# Fast software pipelining for stream processing

I have a pipelined stream processing situation, where a number of streams is linked in the computational process S0 -> S1 -> S2 -> .... You can understand "stream" as a list of numbers.

In this process, S0 is initially given in totality. S1 is a mapped result from S0 according to function f; S2 is the result from S1 by the same f, so on and so on. f(S) works by traversing stream S linearly and produces the resulting stream as it goes.
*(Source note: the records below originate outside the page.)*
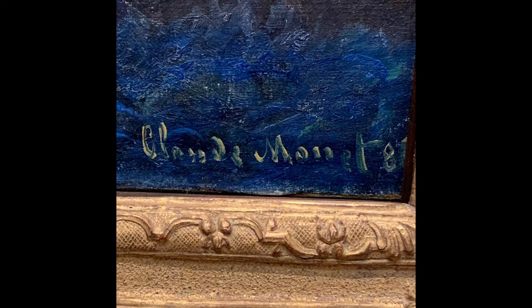When you wander through a museum, do you like to look for artist signatures like these from Monet and Renoir? I certainly do. Did you ever wonder how and why artists began to sign their work? We're going to explore that today by looking at the Kylex with Rooster and Hen from our Greek pottery collection.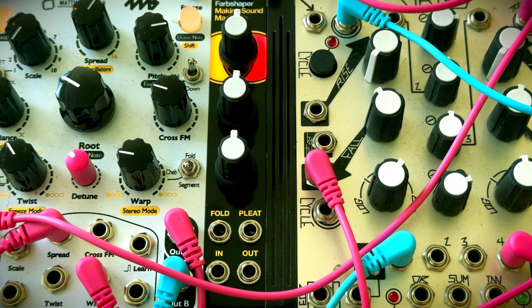Well, it's lit up, so that's a good start. My soldering isn't that bad after all. So now it's in the system, let's see what it sounds like.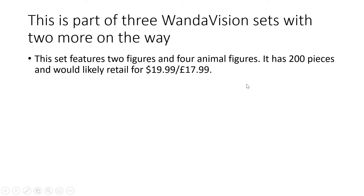Big announcement: this is part of three WandaVision sets - there are two more on the way. So we've got two more WandaVision custom mock sets coming from me. If there's enough demand, I could make instructions for these. This set features two figures and four animal figures: Señor Scratchy, two spiders, and a rat. The two regular figures are Wanda and Agatha. It has 200 pieces and would retail for $20 or £18. One upcoming set will be around $30 and the other will be $40-$50.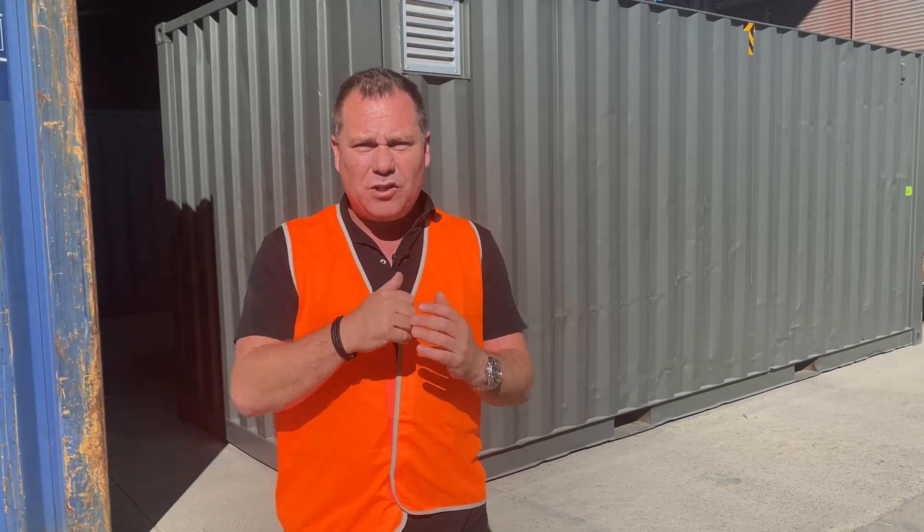They will have a storage unit with ventilation, ready to use. If you'd like to find out more about getting a container just like this one, visit our website at www.containersfirst.com.au or give us a call and have a chat to our team on 1300 556 991.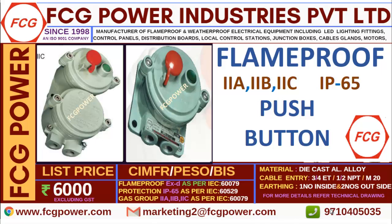Welcome to FCG Power Industries. I'm Karthik Raj. We are manufacturers of flame proof and weatherproof electrical equipment since 1998, and we are an ISO 9001 certified company. In this video, we will discuss about flame proof push button station.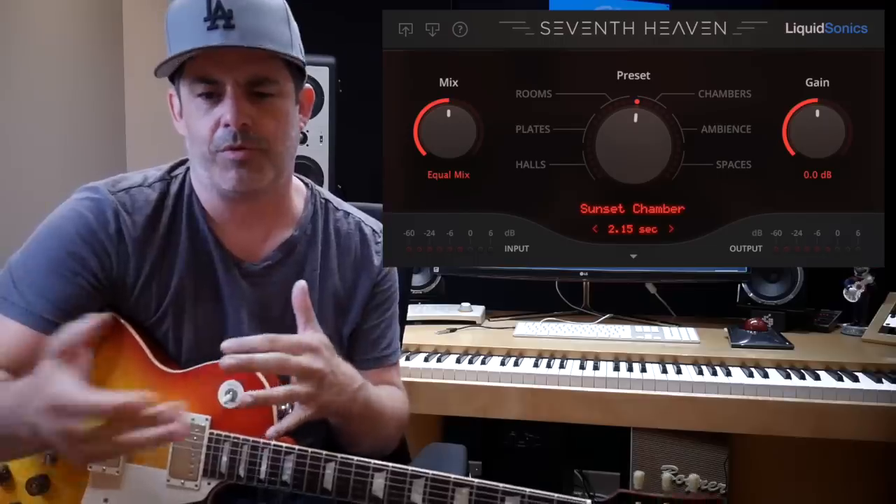So yeah, that's it. That's the Bricasti M7 — designed by some ex-Lexicon big-brain guys, and it's stupendous. There are some plugin variants that have used impulses from it and they kind of get the sound, and they are roughly $3,300 — about $100 cheaper. So if that sounds great to you, there are options. But if you have to have the most luscious, widest reverb, the Bricasti M7 is the way to go. Guys, please like and subscribe, write a comment — do something so the algorithm will treat me a little better. We'll see you later!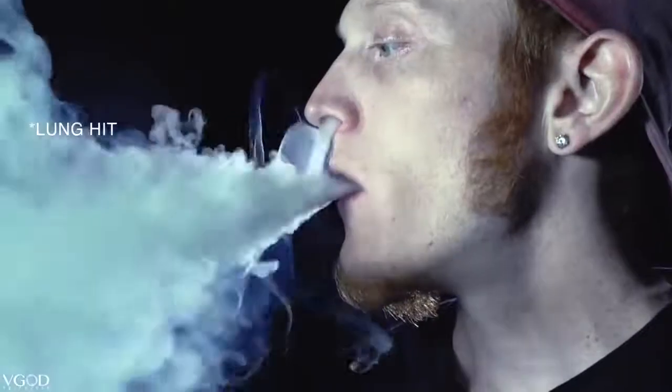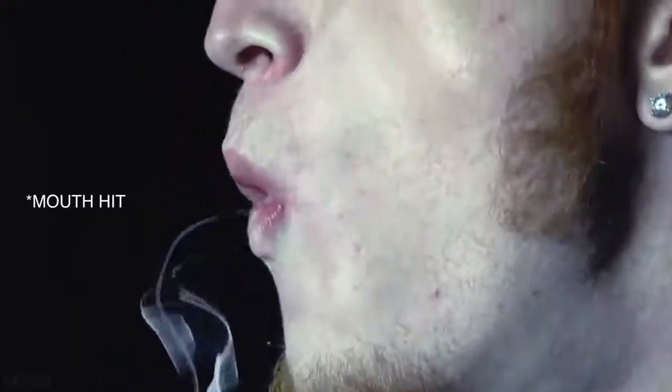The first step to the ghost is taking a proper mouth inhale, not a lung inhale. If you don't know the difference, here's a quick example. The best way for me to explain the mouth inhale is: before hitting your vape, you want to have no air in your mouth and have the tip of your tongue towards the bottom row of your teeth.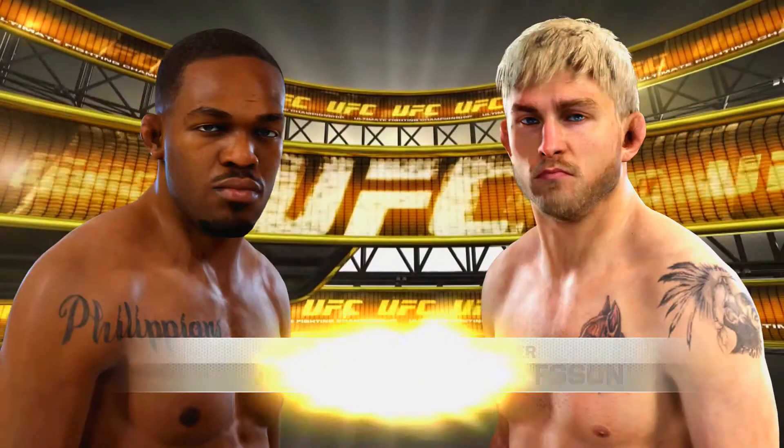Coming up next, it's a light heavyweight showcase between John Jones and the Swede, Alexander the Mauler Gustafsson.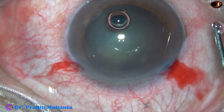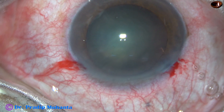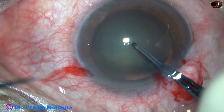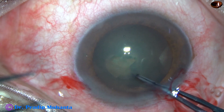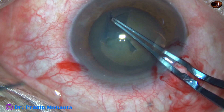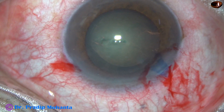2% hydroxypropylmethylcellulose is used to fill up the anterior chamber. Now we are going to do capsulorhexis. The anterior capsule is torn at the center with the tip of the hydra forceps. The capsular tag is raised and guided anticlockwise all around to get an adequate size rhexis of about 5 mm.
Hence, f can work on a stream "partially": that is, for example, we don't need the totality of stream S1 in order to begin producing S2. The processing S0->S1 can occur concurrently with S1->S2 in a pipelined fashion.
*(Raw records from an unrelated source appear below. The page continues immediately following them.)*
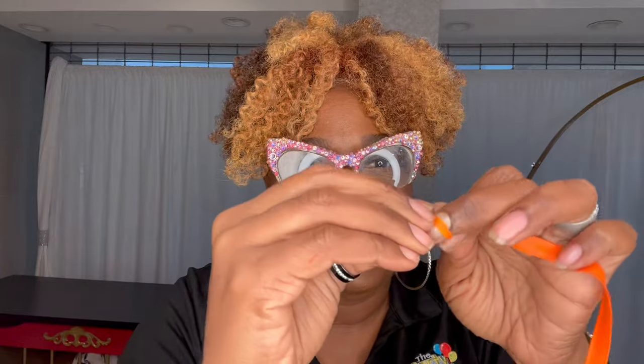Then go ahead and tie a knot — do not let any air get back into that balloon — and then wrap it around your beam.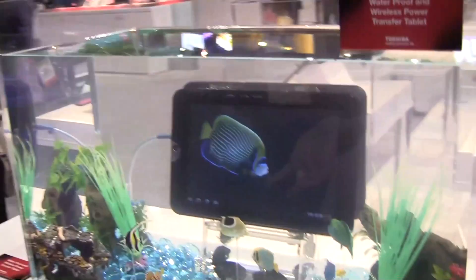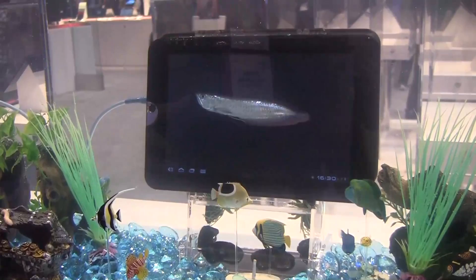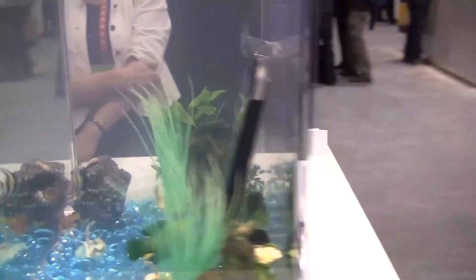Sascha from netbooknews.com over here at the Toshiba booth of CES 2012 in Las Vegas. What we see over here is a waterproof and wireless power transfer tablet. This tablet is not only surviving the whole show in this tank over here, it's also getting recharged in a magnetic inductive way.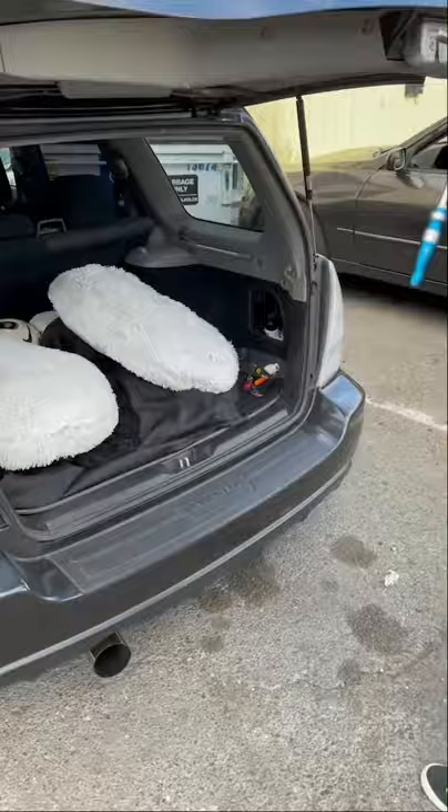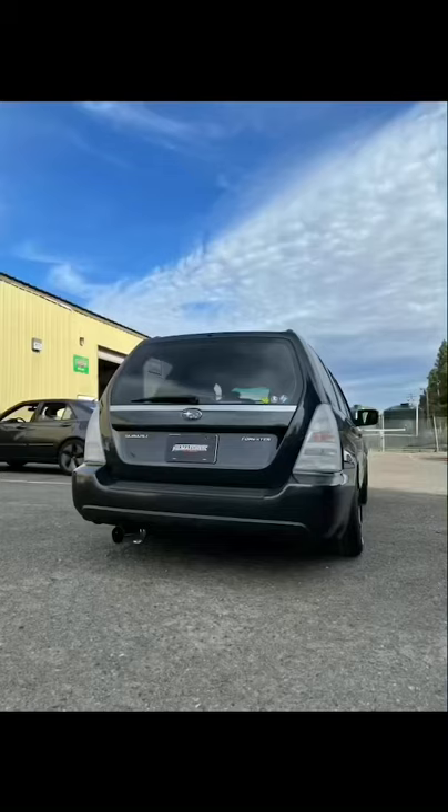Make sure you use LED bulbs as the factory bulbs are white. If you like this tutorial, hit us up for more.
I attempted implementing this pipeline using C. In my code, I use an atomic variable to synchronize progress between each pipeline stage $$S_i\quad\overrightarrow{\small f_i}\quad S_{i+1}$$: basically, thread $$f_i$$ constantly polls progress from the previous pipeline $$f_{i-1}$$ to see if new tokens are written into $$S_i$$. If so, it continues its own work. Otherwise, it spins and waits. Of course, this assumes each $$f_i$$ is responsible for reporting its progress to $$f_{i+1}$$. It turns out that this synchronization is too costly. I wasn't able to gain any speedup using multiple threads. In fact, it makes the code much slower than a single-threaded implementation.
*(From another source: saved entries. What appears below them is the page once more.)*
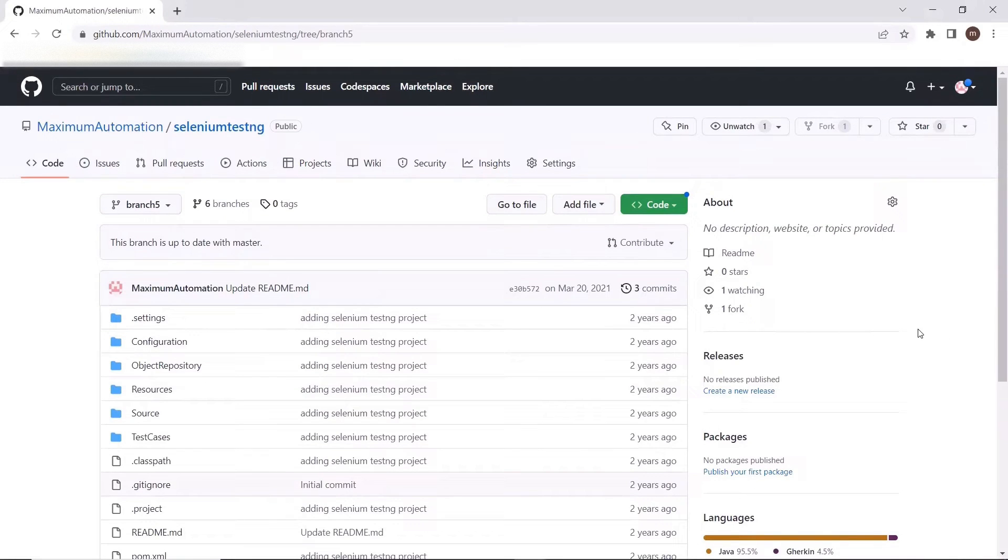Hello everyone. Welcome back to Maximum Automation. Today in this video, I'm going to discuss git clone using a single branch command.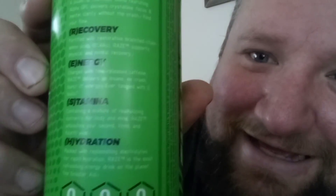It has taurine — I'm not kidding, it's right there. Stamina — containing a mixture of vitalizing nutrients providing mind support. Hydration — packed with replenishing electrolytes and hydration. RAS is the most refreshing energy drink on the planet.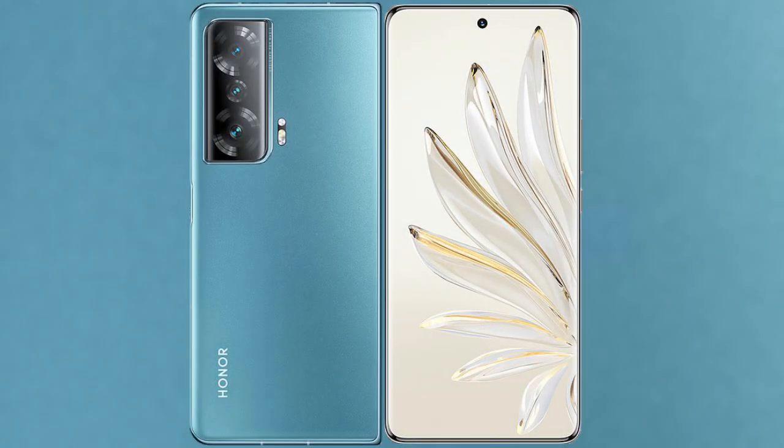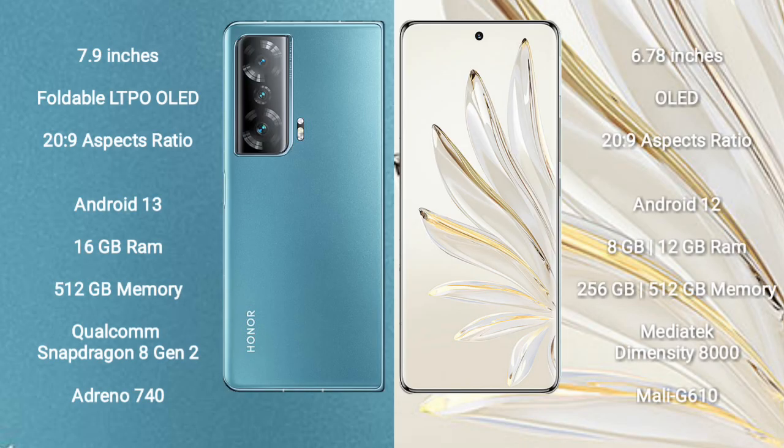I will compare the new Honor Magic V2 with the Honor 70 Pro. Honor Magic V2 comes with a 7.9-inch foldable LTPO OLED display and an aspect ratio of 20:9. Honor 70 Pro comes with a 6.78-inch OLED display and an aspect ratio of 20:9.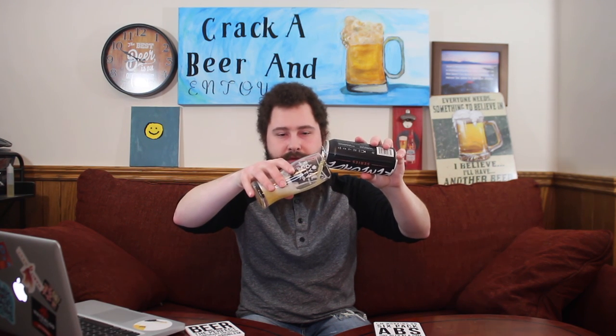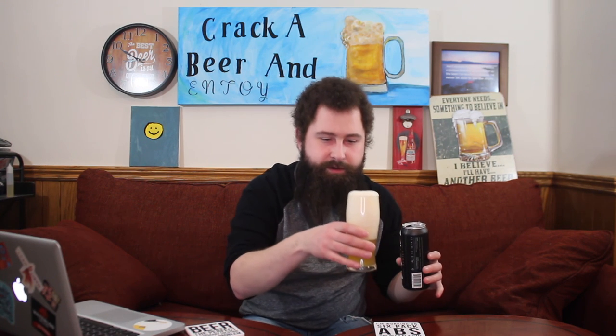So how heady can this Kviek Pale Ale get? We're gonna find out — but goddamn it's fan-freaking-tastic. I strive for this kind of professionalism.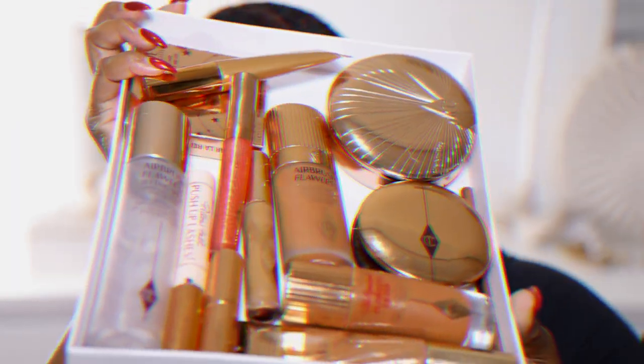Welcome back to my channel! If you are new, my name is Jasmine — don't forget to like, comment, and subscribe. Today I'm trying the new Charlotte Tilbury highlighter; one of you guys wanted me to try it out, so I'm doing a review. I figured I would do a full face of Charlotte Tilbury while I was at it. I'm a huge fan — I love 95% of what I try from Charlotte Tilbury, though there are a few things I'm not the biggest fan of.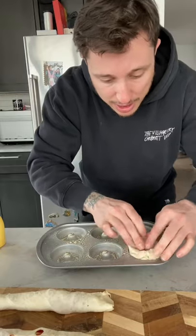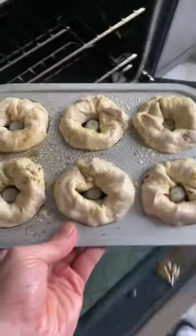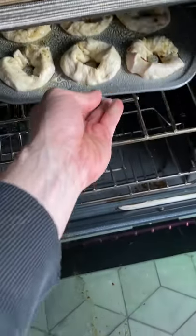Mush it in. Now we put it in the oven at 425 for 20 minutes. Oh, look at that cheese pool. This is so good. Oh my God.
My question is, what is a better approach to implement this construction in order to actually take advantage of multi-threading? This seems to be very hard because the $$f$$ in my scenario is computational-bound. It seems to me highly unlikely to extract parallel performance unless there is a very low-cost synchronization scheme. Thanks in advance for any comments and advice.

• Are there latency requirements or do you care primarily about throughput?
– D.W.
Feb 15, 2021 at 23:41
• @D.W. The ultimate goal is to obtain the totality of the final stream $S_k$ as fast as possible, where $k$ is a (potentially very) large number. So I guess it's "throughput"?
– apen
Feb 15, 2021 at 23:45

Do the work in batches. Have a separate buffer for each stream that stores the unprocessed items. When you invoke $$f$$ for stream $$S_i$$, invoke 100 times on the 100 oldest items in the buffer for $$S_{i-1}$$, then remove those items from the buffer. This basically increases the granularity of operations, and should reduce the overhead from synchronization by about 100x. You can of course tune the number 100 to adjust throughput vs latency.